With over 75 million international visitors, 2016 has been another record year (five in a row) for Spain’s tourism (threatening USA as the second worldwide touristic destination) based on natural competitive advantages, socio-politic stability, existing infrastructure and product offering, regardless of the development of alternative destinations, new tourism trends and socio-economic uncertainties (including the Brexit).
While international markets have fueled market growth, the uniqueness of domestic demand strength (which has finally outperform 2008 eight years later) provides another differential value in the market, consolidating a very strong demand growth trend. This demand growth, with inventory stability, results in strengthening commercial parameters (RevPAR) in all destinations, consolidating the trend initiated in 2013 providing for double digit growth in most second tier destinations, with increasingly normalized occupation rates but still relevant ADR upside.
As anticipated by Aguirre Newman, the strengthening of commercial parameters together with slimmer cost structure derived from optimizations implemented over the crisis years after 2009 is providing for a significant boost of profitability across all destinations, provided however renewed product proposals in line with demand changing trends and adapted to new distribution structure are outperforming the market.
Concurrently, liquidity is clearly available for the market and the asset class, surpassing EUR 2.4 billion in asset transactions in 2016 (including announced transactions in execution but excluding debt portfolio transactions). This investment level, very much in line with the spectacular 2015 (EUR 2.6 billion) has also, like last year, a very relevant weight of portfolios (close to 45% in both years), and consolidates Spain as the third European market in volume (behind UK and Germany).
Key aspects to consider are the noticeable relative low volume in Barcelona as market readjusts with local legislation, increasing liquidity in second tier destinations (25% of total volume), main focus in business risk opportunities and remarkable the increase of Family Offices (still primarily focused on city hotels).
Our outlook for 2017, while not exempt of global uncertainties, continues to be very positive as growth of commercial parameters continuous, mainly based on ADR increases as current market circumstances remain, providing for a unique opportunity to adapt product proposals and commercial strategies to the new realities of demand and distribution while maintaining dynamic cost structures to ensure mid to long term profitability growth and fundamentals strengthening.

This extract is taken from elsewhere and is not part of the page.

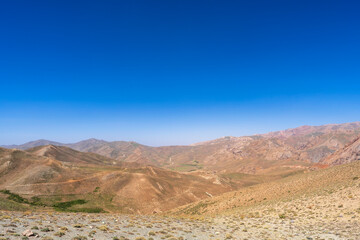 Hindu Kush in Central Afghanistan, an arid landscape where semi nomadic tribes herd cattle and grow crops in marginal and harsh environment.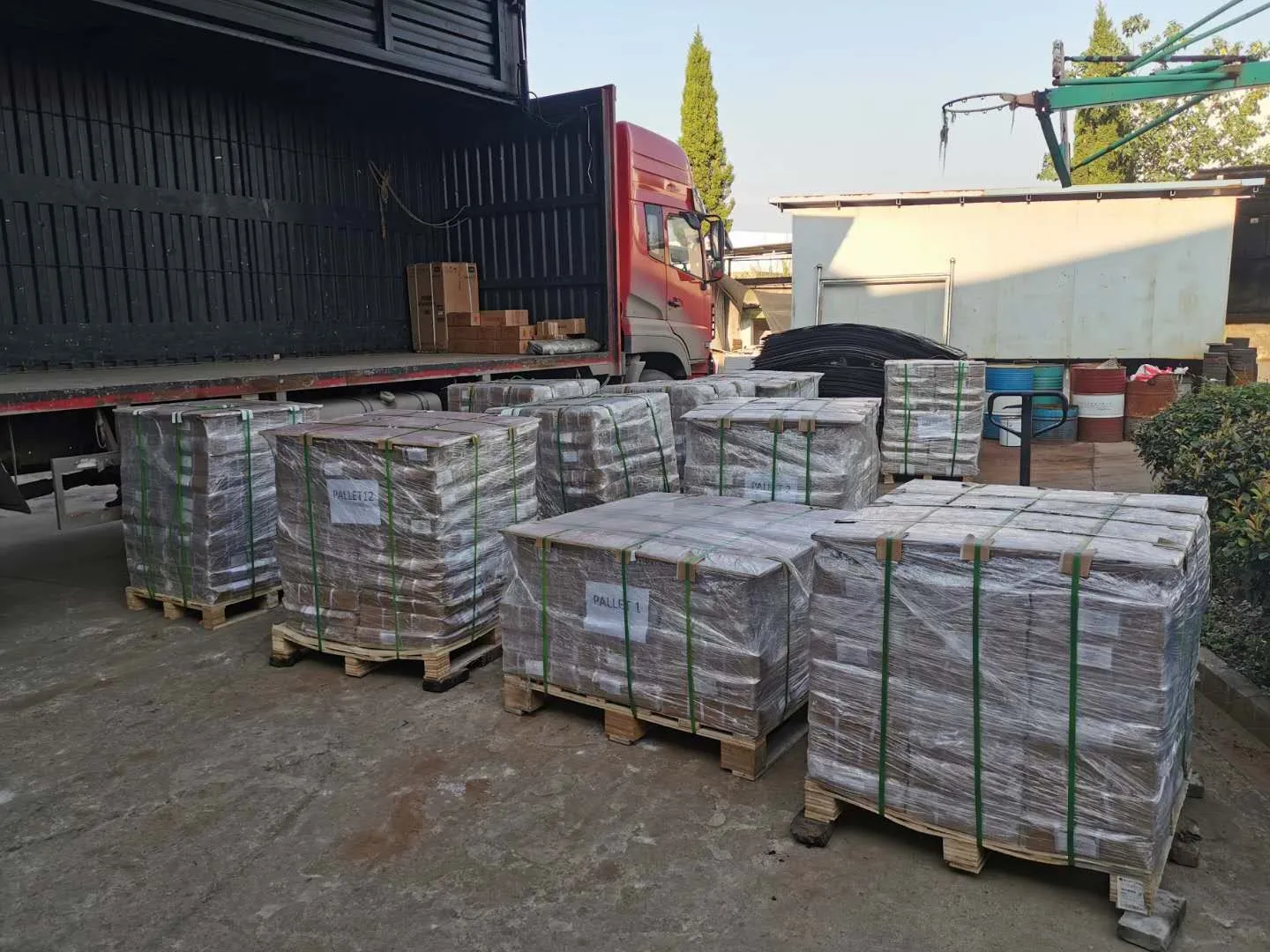 Wrapped pallets of goods beside a truck for loading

In 2017 we also expect to see a continuation of the trends in transactions foreseen in 2015-16 with increasing weight of second tier destinations transactions, diminishing yields, especially in prime markets, and price increases with growing profitability, although levels are still in most non-prime destinations below development costs. The consolidation of transaction volume will be very dependent on the success of institutional investors in platform investments, while single asset transactions will continue to grow with offer deriving from the maturing industry property structure and resolution of debt portfolio restructurings within the value added – core plus range.
The challenge and opportunity for investment to excel in this record making, demand driven market, which has now evolved officially from opportunity to value added and moving fast to core plus, will be the adequate identification and pricing of opportunities with an ample focus and reach throughout segments and destinations of mid to long term value.